To do this, service providers must re-weave their DNA to include technologists, solution architects, data science professionals and data integration gurus. They may even hire a chief data officer or acquire/partner with firms in Silicon Valley. Administrators and their leadership must have a clear vision of innovation, the willingness to invest in that vision and the commitment to develop new technology-centric programs that meet the evolved needs of today’s marketplace.
The private equity data revolution must start now, and it must start with a partner who has committed itself to demonstrating a culture of innovation – namely, the fund administrator.

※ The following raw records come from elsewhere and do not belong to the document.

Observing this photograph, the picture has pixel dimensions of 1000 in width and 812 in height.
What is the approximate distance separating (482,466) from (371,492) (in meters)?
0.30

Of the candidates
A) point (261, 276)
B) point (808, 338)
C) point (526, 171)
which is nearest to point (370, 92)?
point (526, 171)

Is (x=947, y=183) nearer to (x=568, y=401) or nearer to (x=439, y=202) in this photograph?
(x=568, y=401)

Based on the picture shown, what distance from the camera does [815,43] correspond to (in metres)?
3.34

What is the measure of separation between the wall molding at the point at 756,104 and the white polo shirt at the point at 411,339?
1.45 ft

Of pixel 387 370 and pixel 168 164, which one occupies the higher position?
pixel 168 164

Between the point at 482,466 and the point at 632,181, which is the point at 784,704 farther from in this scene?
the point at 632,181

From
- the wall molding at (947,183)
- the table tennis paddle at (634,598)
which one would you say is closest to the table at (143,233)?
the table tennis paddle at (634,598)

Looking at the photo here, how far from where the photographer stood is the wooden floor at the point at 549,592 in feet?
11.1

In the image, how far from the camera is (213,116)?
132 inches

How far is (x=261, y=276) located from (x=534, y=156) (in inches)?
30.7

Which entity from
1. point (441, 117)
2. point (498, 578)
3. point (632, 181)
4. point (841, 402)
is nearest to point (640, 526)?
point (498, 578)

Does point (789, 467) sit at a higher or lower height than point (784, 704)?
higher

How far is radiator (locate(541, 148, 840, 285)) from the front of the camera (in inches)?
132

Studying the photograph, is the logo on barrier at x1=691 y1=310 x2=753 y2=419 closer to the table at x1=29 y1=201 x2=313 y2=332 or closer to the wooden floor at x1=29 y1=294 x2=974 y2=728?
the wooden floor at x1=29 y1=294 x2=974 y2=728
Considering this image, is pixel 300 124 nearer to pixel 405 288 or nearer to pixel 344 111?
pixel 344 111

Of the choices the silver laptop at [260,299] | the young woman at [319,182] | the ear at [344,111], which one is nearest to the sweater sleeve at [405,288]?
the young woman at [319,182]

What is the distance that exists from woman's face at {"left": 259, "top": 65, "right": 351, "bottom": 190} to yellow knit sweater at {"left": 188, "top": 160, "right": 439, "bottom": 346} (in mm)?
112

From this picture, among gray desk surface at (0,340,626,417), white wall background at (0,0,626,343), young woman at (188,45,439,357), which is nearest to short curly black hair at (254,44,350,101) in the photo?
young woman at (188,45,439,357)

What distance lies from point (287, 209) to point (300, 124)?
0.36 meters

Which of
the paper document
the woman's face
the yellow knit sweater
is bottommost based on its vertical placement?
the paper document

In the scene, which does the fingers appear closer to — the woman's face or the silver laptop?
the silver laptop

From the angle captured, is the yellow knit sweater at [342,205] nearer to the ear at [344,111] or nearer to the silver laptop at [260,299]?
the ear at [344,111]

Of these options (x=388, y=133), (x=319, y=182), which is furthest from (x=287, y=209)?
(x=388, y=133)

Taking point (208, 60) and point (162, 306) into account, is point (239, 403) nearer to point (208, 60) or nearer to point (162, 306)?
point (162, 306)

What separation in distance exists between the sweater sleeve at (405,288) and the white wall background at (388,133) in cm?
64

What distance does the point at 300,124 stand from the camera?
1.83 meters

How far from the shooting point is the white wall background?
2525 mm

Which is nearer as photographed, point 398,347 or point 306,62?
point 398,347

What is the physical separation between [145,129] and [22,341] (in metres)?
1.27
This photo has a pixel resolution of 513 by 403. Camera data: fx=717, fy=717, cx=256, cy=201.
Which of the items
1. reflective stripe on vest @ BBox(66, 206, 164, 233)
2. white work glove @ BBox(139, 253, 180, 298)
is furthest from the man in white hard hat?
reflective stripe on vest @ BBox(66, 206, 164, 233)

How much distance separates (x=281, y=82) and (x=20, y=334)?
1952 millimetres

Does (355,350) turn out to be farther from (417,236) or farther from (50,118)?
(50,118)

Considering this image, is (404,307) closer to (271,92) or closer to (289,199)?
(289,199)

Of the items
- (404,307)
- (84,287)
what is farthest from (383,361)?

Creating a Culture of Digital Transformation
Embracing digital disruption will continue to challenge many fund administrators, but adapting with the industry as it progresses will be worth the growing pains for both the administrators and their clients. Successful implementation of outsourced data solutions can restore the benefits of economies of scale to managers while meeting the bespoke reporting demands of sophisticated limited partners. Such an approach will also reduce risk and save considerable time and money associated with manual data management.
This is not a simple process. Leading a data revolution in a generations-old market takes more than “understanding” or “vision”. What’s required is a steadfast commitment to a culture of innovation. While today’s economic environment and increased client sophistication have posed new challenges for private equity, digital technology properly implemented by a provider that has embraced a 21st century data culture will open new opportunities and help position funds for long-term success.
At MUFG Investor Services, we have made that commitment. We live a culture of innovation. We have changed the very DNA of our organization and our people. We continue to employ some of the best and brightest within our traditional services businesses, and now we are proud to say that we have some of the best and brightest from the technology landscape leading our data revolution.